● What is needed
Please give back, exactly as written, the lines from the line with "African american super" to the line with "Lion Controller Skin" in the listing below, leaving out all pictures.

● Data in this exercise
========================================================================

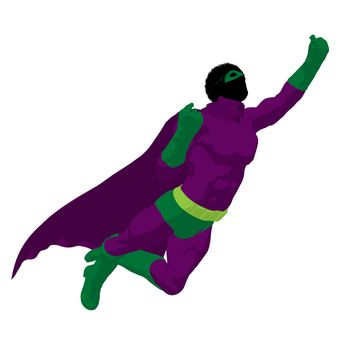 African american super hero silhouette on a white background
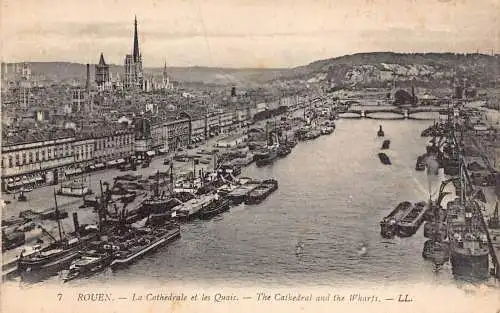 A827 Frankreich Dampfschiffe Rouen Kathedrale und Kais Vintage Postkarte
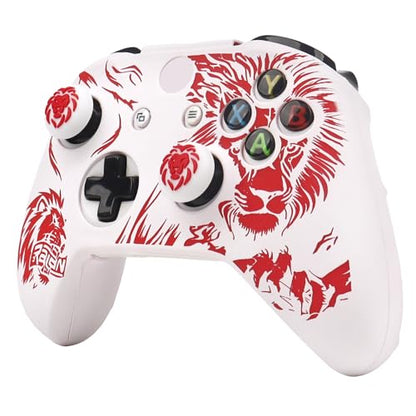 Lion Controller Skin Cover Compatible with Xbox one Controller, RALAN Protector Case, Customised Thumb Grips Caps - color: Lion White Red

========================================================================

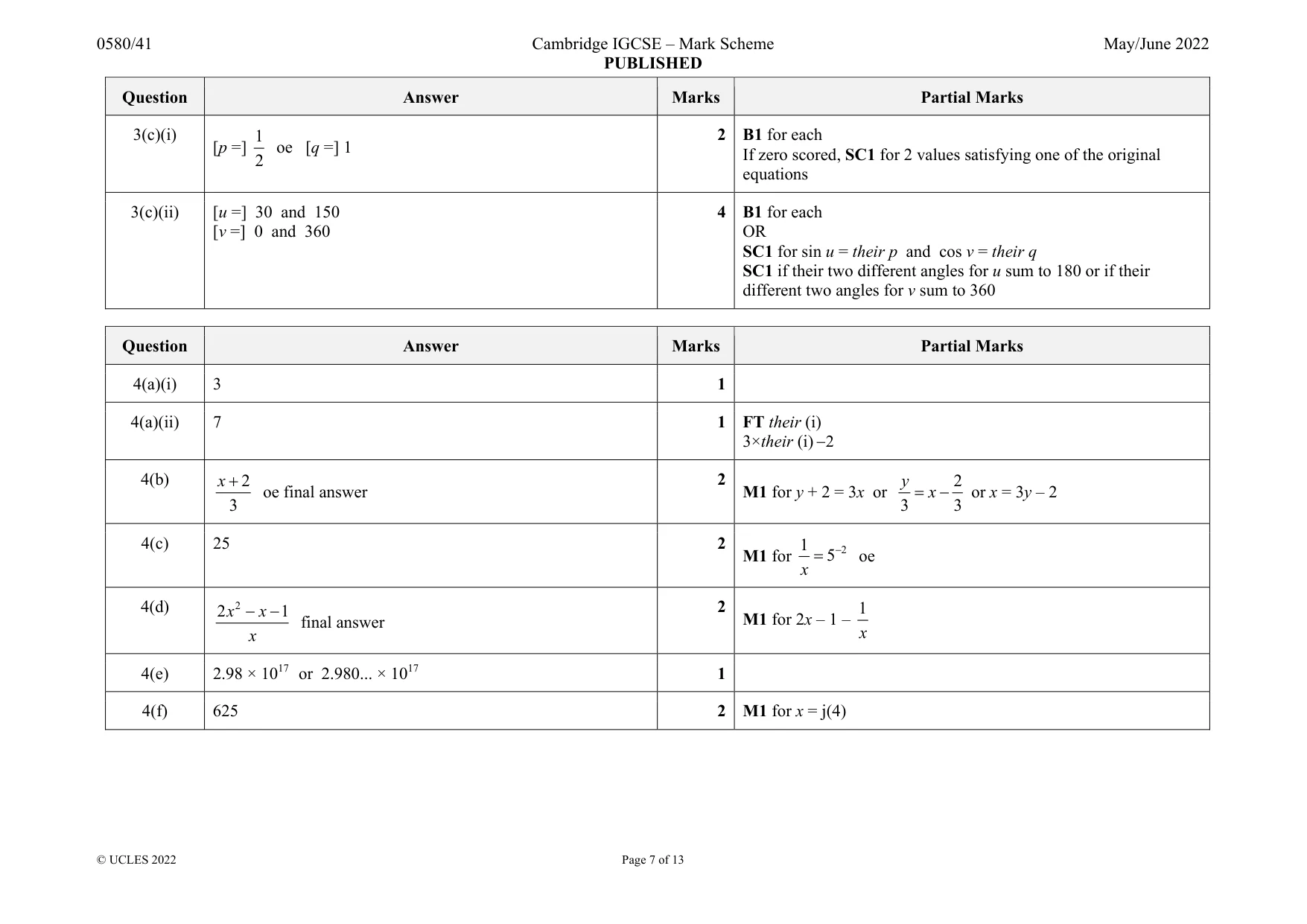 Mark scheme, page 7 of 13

========================================================================

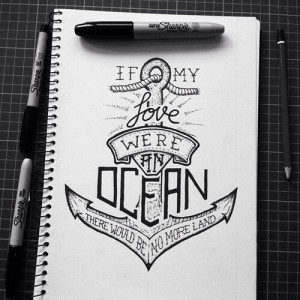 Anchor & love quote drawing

========================================================================

● Task solution
 African american super hero silhouette on a white background
 A827 Frankreich Dampfschiffe Rouen Kathedrale und Kais Vintage Postkarte
 Lion Controller Skin Cover Compatible with Xbox one Controller, RALAN Protector Case, Customised Thumb Grips Caps - color: Lion White Red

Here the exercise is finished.